**Aim of the exercise:** In the listing, determine how many lines contain "will". The reply is that number alone.
***** Dataset entries
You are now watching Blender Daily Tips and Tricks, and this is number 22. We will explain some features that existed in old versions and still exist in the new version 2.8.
**********
***** Dataset entries
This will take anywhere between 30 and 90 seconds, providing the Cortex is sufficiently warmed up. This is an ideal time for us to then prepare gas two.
**********
***** Dataset entries
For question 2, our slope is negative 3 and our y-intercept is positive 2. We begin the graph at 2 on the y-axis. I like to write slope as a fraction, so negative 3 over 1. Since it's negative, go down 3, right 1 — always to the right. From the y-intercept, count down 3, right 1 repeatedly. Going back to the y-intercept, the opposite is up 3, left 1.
**********
**Answer to this task:** 2